Brief >> Please reproduce the listing verbatim, without its images.

Data >>
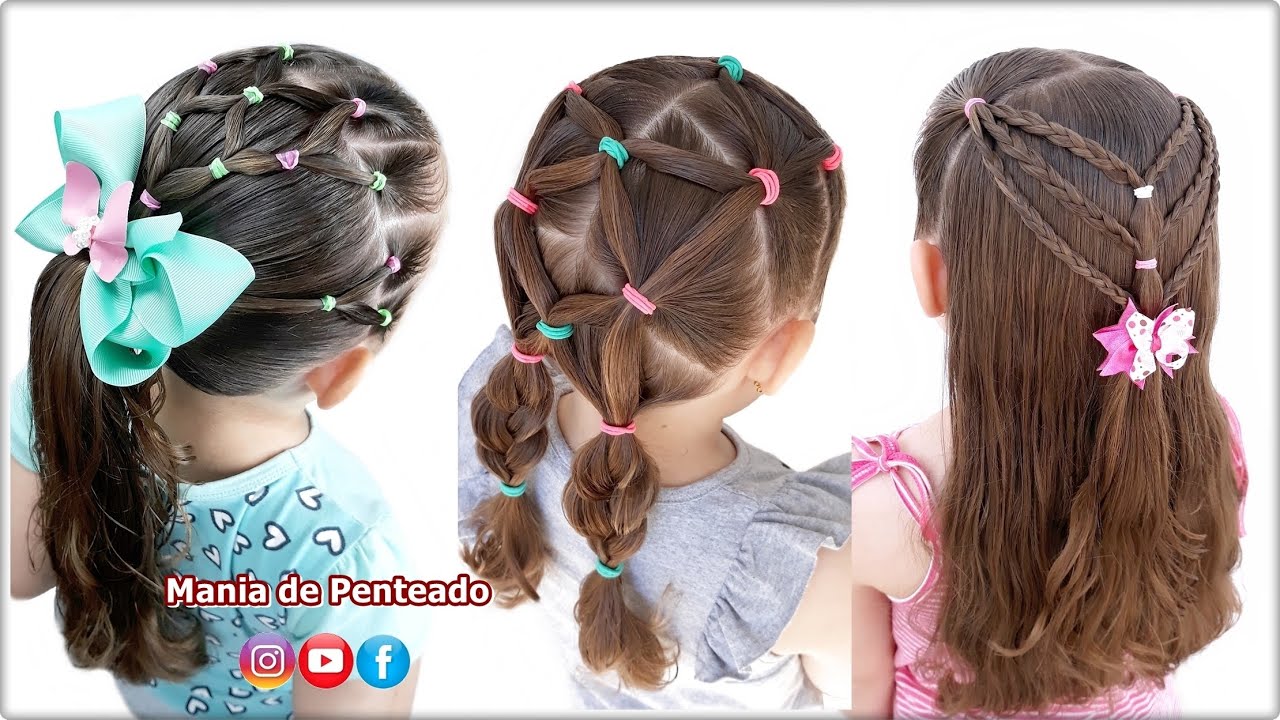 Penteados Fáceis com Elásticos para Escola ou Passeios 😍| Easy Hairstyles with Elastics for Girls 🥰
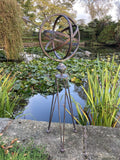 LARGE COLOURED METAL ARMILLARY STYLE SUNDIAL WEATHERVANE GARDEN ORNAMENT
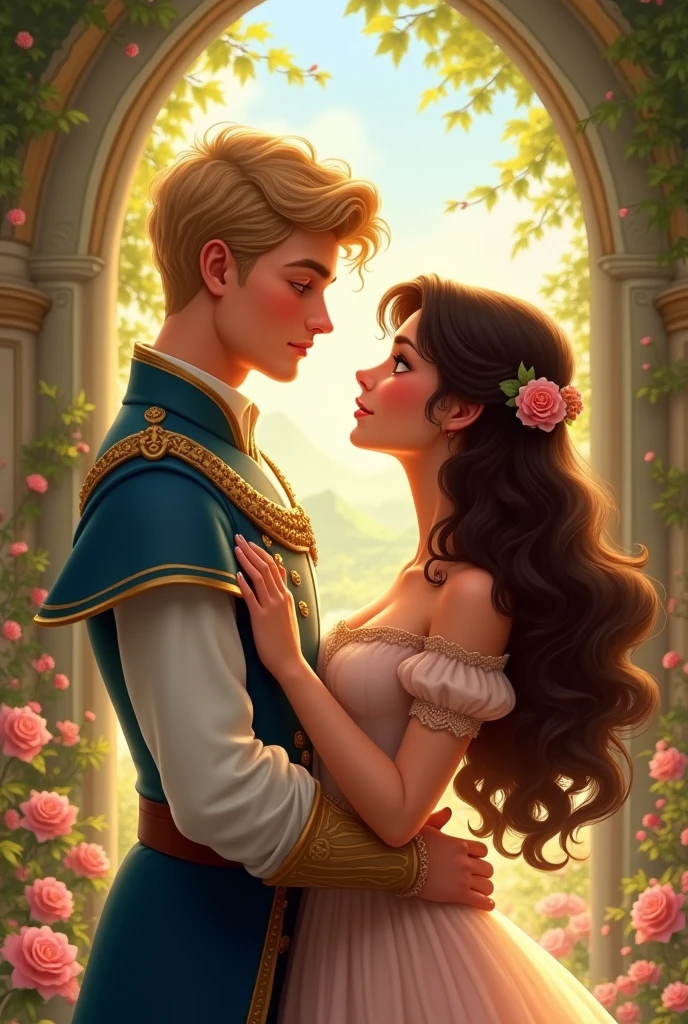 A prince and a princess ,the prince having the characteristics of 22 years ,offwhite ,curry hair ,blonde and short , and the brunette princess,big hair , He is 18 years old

Response >>
 Penteados Fáceis com Elásticos para Escola ou Passeios 😍| Easy Hairstyles with Elastics for Girls 🥰
 LARGE COLOURED METAL ARMILLARY STYLE SUNDIAL WEATHERVANE GARDEN ORNAMENT
 A prince and a princess ,the prince having the characteristics of 22 years ,offwhite ,curry hair ,blonde and short , and the brunette princess,big hair , He is 18 years old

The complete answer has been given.